§ **TASK INSTRUCTIONS**
Working from the records below, repeat exactly the lines starting at the line that contains "Vanilla Lime Fotobehang Countryfied - 014253" and ending at the line that contains "Golden Parrotbill - ML638238385", inclusive.

§ **RECORDS FOR THIS TASK**
══════════

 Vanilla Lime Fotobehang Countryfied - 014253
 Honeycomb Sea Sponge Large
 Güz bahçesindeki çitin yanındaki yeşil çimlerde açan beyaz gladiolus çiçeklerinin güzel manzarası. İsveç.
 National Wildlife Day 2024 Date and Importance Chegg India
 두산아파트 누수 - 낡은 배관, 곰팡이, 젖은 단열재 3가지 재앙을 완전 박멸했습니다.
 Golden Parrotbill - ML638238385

══════════

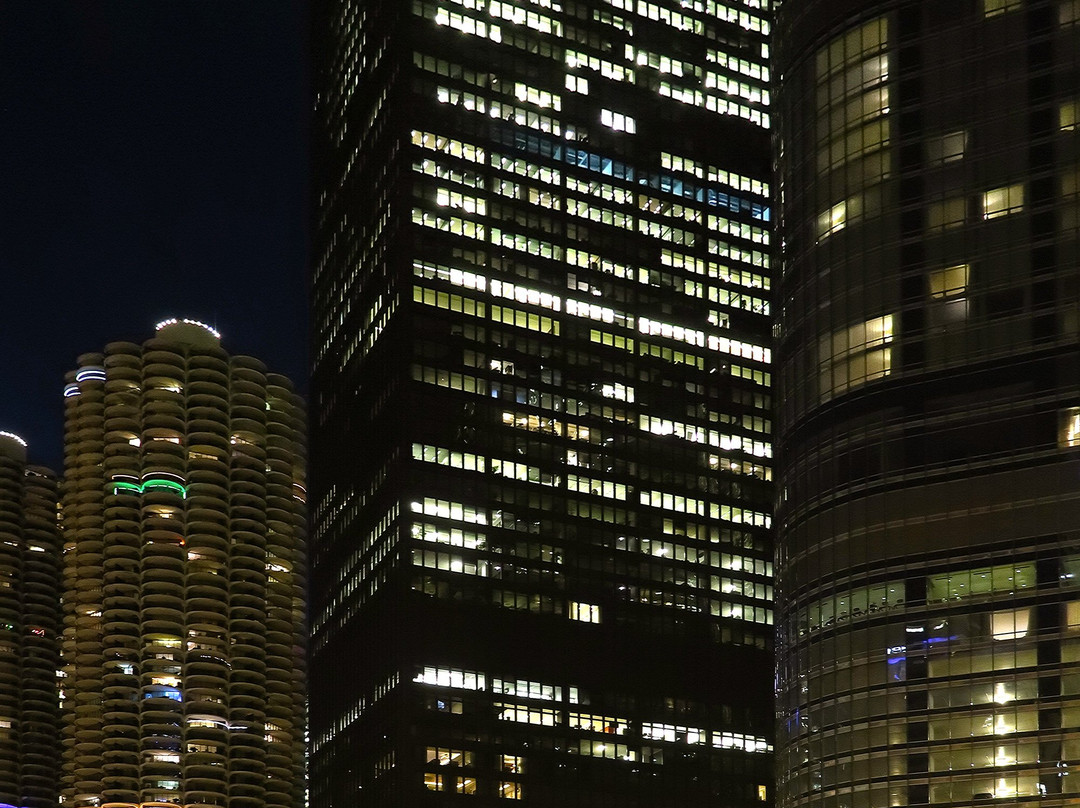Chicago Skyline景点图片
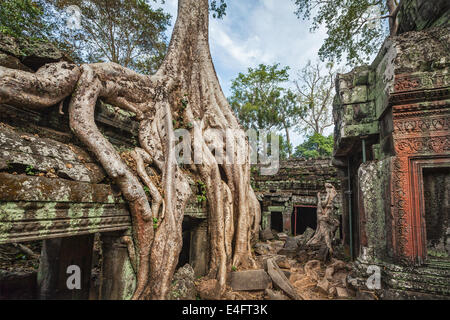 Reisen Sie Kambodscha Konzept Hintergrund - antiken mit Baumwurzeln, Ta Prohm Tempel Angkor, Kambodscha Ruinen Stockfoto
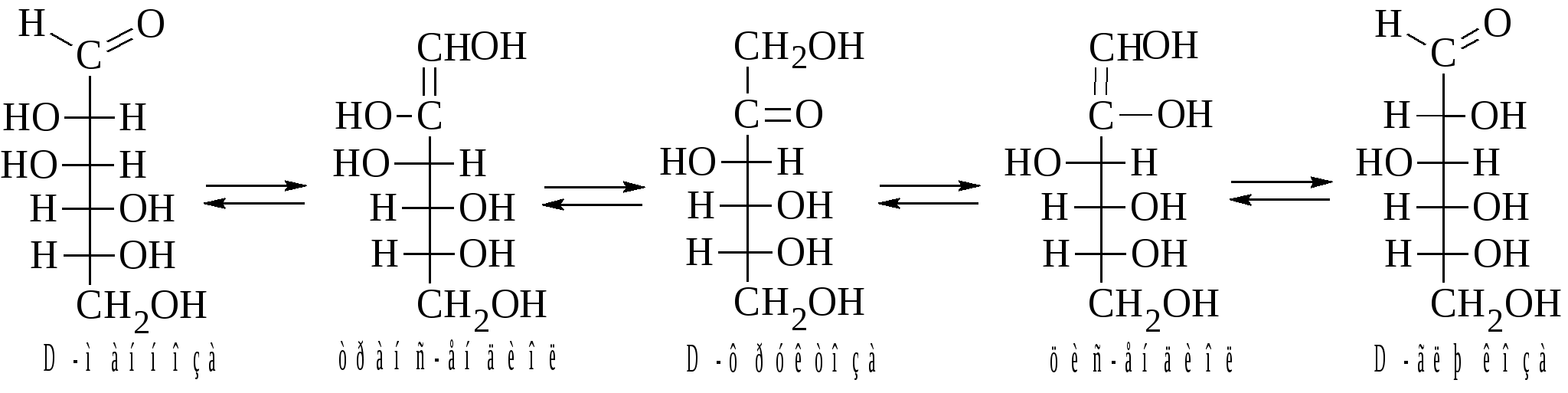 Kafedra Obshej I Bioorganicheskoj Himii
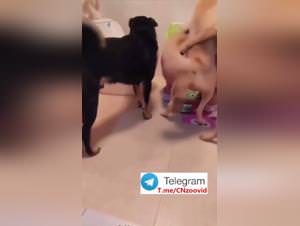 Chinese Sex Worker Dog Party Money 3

══════════

§ **ANSWER**
 Vanilla Lime Fotobehang Countryfied - 014253
 Honeycomb Sea Sponge Large
 Güz bahçesindeki çitin yanındaki yeşil çimlerde açan beyaz gladiolus çiçeklerinin güzel manzarası. İsveç.
 National Wildlife Day 2024 Date and Importance Chegg India
 두산아파트 누수 - 낡은 배관, 곰팡이, 젖은 단열재 3가지 재앙을 완전 박멸했습니다.
 Golden Parrotbill - ML638238385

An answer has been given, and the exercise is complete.